Return the listing below character for character.

Start of Input

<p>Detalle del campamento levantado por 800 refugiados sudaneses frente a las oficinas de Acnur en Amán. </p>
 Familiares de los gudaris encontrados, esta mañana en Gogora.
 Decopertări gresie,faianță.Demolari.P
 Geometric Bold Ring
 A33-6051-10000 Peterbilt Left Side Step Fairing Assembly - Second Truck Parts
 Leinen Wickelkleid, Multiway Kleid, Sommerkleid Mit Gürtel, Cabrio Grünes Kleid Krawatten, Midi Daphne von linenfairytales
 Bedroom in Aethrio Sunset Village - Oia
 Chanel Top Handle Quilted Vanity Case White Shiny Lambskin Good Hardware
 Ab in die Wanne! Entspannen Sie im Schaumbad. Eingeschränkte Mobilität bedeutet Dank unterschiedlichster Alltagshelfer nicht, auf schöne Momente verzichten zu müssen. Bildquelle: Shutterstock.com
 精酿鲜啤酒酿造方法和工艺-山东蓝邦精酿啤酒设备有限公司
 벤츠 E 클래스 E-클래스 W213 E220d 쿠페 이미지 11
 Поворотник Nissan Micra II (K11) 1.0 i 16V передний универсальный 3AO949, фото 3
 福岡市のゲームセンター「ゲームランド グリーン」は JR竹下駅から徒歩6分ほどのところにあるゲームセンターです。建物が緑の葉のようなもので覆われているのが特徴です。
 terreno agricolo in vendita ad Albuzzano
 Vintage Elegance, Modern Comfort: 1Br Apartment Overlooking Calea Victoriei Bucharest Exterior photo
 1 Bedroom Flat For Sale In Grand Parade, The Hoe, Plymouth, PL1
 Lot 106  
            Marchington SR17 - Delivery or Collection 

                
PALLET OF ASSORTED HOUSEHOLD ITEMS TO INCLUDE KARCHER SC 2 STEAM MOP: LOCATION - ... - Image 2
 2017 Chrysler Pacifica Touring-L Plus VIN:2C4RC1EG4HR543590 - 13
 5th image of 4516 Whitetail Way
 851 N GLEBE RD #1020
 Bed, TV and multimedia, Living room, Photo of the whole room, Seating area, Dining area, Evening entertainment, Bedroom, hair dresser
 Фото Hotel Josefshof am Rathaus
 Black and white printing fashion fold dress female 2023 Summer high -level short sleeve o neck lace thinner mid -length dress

End of Input

Task solution
<p>Detalle del campamento levantado por 800 refugiados sudaneses frente a las oficinas de Acnur en Amán. </p>
 Familiares de los gudaris encontrados, esta mañana en Gogora.
 Decopertări gresie,faianță.Demolari.P
 Geometric Bold Ring
 A33-6051-10000 Peterbilt Left Side Step Fairing Assembly - Second Truck Parts
 Leinen Wickelkleid, Multiway Kleid, Sommerkleid Mit Gürtel, Cabrio Grünes Kleid Krawatten, Midi Daphne von linenfairytales
 Bedroom in Aethrio Sunset Village - Oia
 Chanel Top Handle Quilted Vanity Case White Shiny Lambskin Good Hardware
 Ab in die Wanne! Entspannen Sie im Schaumbad. Eingeschränkte Mobilität bedeutet Dank unterschiedlichster Alltagshelfer nicht, auf schöne Momente verzichten zu müssen. Bildquelle: Shutterstock.com
 精酿鲜啤酒酿造方法和工艺-山东蓝邦精酿啤酒设备有限公司
 벤츠 E 클래스 E-클래스 W213 E220d 쿠페 이미지 11
 Поворотник Nissan Micra II (K11) 1.0 i 16V передний универсальный 3AO949, фото 3
 福岡市のゲームセンター「ゲームランド グリーン」は JR竹下駅から徒歩6分ほどのところにあるゲームセンターです。建物が緑の葉のようなもので覆われているのが特徴です。
 terreno agricolo in vendita ad Albuzzano
 Vintage Elegance, Modern Comfort: 1Br Apartment Overlooking Calea Victoriei Bucharest Exterior photo
 1 Bedroom Flat For Sale In Grand Parade, The Hoe, Plymouth, PL1
 Lot 106  
            Marchington SR17 - Delivery or Collection 

                
PALLET OF ASSORTED HOUSEHOLD ITEMS TO INCLUDE KARCHER SC 2 STEAM MOP: LOCATION - ... - Image 2
 2017 Chrysler Pacifica Touring-L Plus VIN:2C4RC1EG4HR543590 - 13
 5th image of 4516 Whitetail Way
 851 N GLEBE RD #1020
 Bed, TV and multimedia, Living room, Photo of the whole room, Seating area, Dining area, Evening entertainment, Bedroom, hair dresser
 Фото Hotel Josefshof am Rathaus
 Black and white printing fashion fold dress female 2023 Summer high -level short sleeve o neck lace thinner mid -length dress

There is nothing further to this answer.